Minister Velenkosini hlabisa: Customary All-Inclusive Stakeholder Dialogue
Programme Director, Deputy Minister Reverend Prince Zolile Burns-Ncamashe;
His Majesty King Makhosonke the 2nd, the Chair and Deputy Chairs of the NHTLK,
the President of Contralesa, Kgoshi Mokoena,
Director-General of the Department of Traditional Affairs, Mr Mashwahle Diphofa;
the Chairperson and members of the National Initiation Oversight Committee and the Provincial Initiation Coordinating Committees;
Their Majesties and Royal Highnesses; esteemed traditional leaders; representatives from SALGA, the Justice Cluster,
Chapter 9 institutions and civil society;
distinguished guests, ladies and gentlemen,
On behalf ot the government and the Ministry, colleagues on the virtual platform, thank you for answering the call to gather for this national, all-inclusive stakeholder dialogue on customary initiation at the Birchwood Hotel and OR Tambo Conference Centre on 16 February 2026.

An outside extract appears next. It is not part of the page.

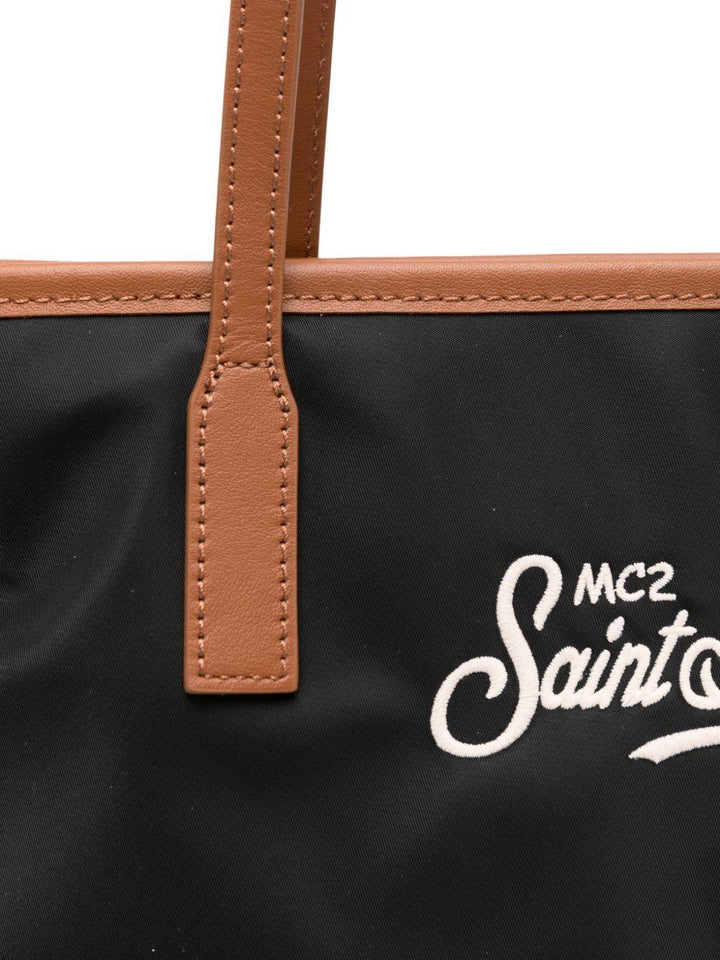 Borsa tote City media con ricamo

We meet as a united collective with a single purpose: to protect life and dignity while preserving a sacred rite of passage that is integral to our identity. Customary initiation is not merely a ritual; it is a journey from boyhood to manhood, anchored in discipline, responsibility, and respect. Its legitimacy rests on cultural authenticity and, equally, on safety and the rule of law. Our Constitution demands no less, and Parliament has given us a clear framework through the Customary Initiation Act, 2021, which establishes the National Initiation Oversight Committee and the Provincial Initiation Coordinating Committees define the roles of all actors and regulate initiation schools.

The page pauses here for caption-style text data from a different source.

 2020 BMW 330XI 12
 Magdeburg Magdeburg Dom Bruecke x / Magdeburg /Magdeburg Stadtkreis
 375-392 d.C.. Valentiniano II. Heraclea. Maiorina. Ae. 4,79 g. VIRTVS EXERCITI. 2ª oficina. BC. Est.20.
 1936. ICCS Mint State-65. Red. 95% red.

The urgency of our task is undeniable and compelling. The Constitution, through the Bill of Rights, protects lives without reservation, ensuring that individual freedoms and rights are upheld. Over the past ten years, from 2016 to 2025, 669 initiation-related deaths and 124 penile amputations have been recorded nationally. These are not just statistics; they are lives lost and futures stolen, with grief etched into families and communities across our country. In the just-ended 2025 summer season, 48 initiates died nationwide, with the Eastern Cape and Free State recording the highest numbers. This outcome shames us all because it is largely preventable. Each time a young man fails to return home, a part of our collective future is dimmed. These tragedies cannot be attributed solely to culture; they also reflectHlabisa’s negligence in how we address the safety and well-being of our youth. The only acceptable standard is this: “mabaye bephila, babuye bephila—let them go alive and return alive.”
The law is explicit about what safety requires. Initiates must, at all times, have access to clean water, adequate sanitation, and food, and to healthcare whenever needed. Dehydration, septicemia and other avoidable complications must not be allowed to claim lives where early detection and timely referral can save them. These are not optional good practices; they are statutory obligations placed primarily on the principal and caregivers of registered initiation schools under section 30 of the Act.

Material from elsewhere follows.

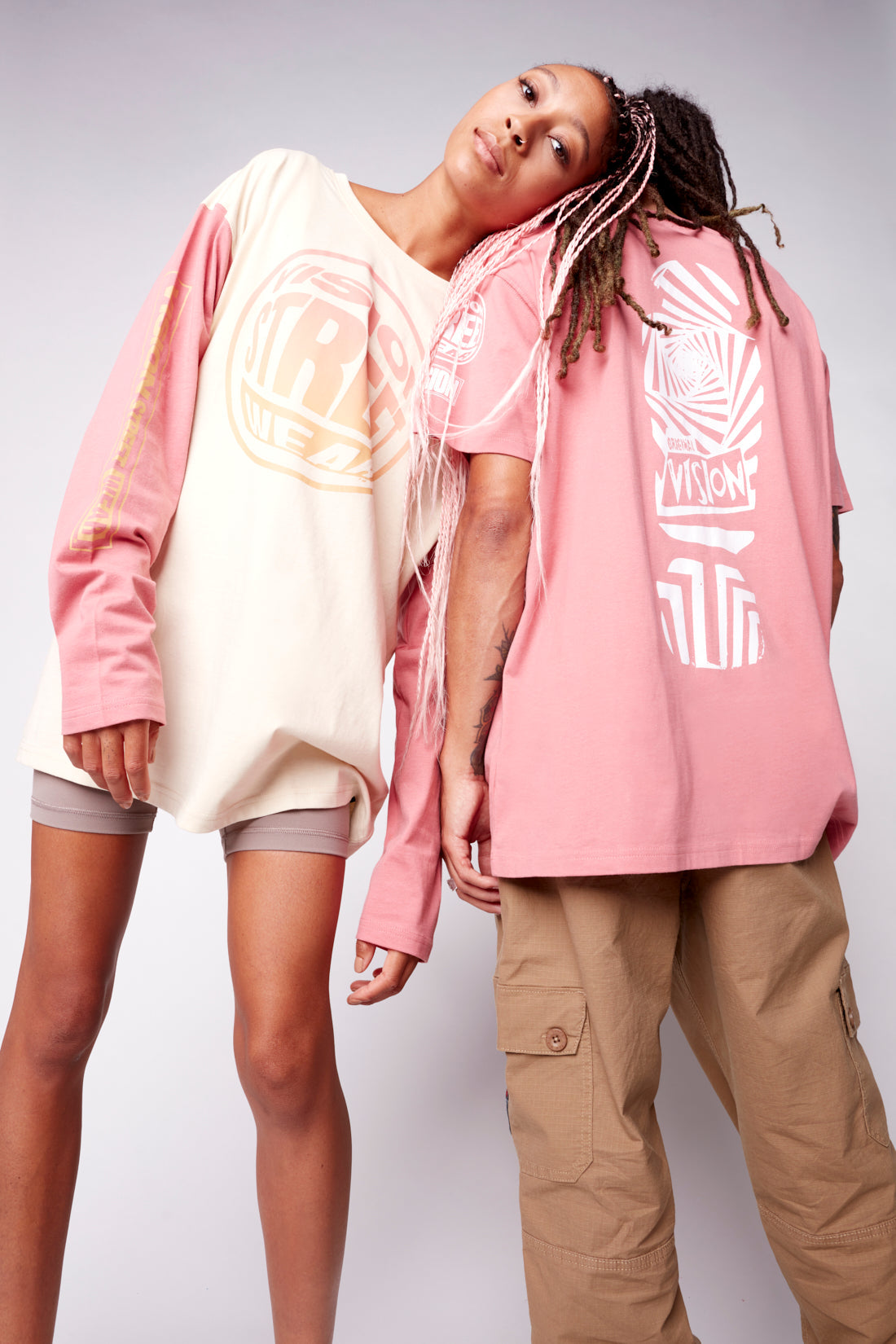 Team Logo T-Shirt - Dusty Rose - DENIM SOCIETY™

The law is equally clear about accountability. Running a non-registered, or put differently, an illegal initiation school, admitting a boy under 16, or accepting any initiate without the required medical certificate or consent, are criminal offences that carry penalties of up to 15 years’ imprisonment. These provisions must be enforced consistently and without fear or favour, in close coordination with the South African Police Service and the National Prosecuting Authority.
We have also strengthened the regulatory framework. Customary Initiation Regulations were promulgated in September 2025 to guide monitoring, inspections, investigations and the closure of non-compliant schools, and to clarify reporting and coordination requirements for the NIOC and PICCs. Implementation of these regulations must now be rigorous and uniform across provinces.
Data and experience point to two realities we must hold at once.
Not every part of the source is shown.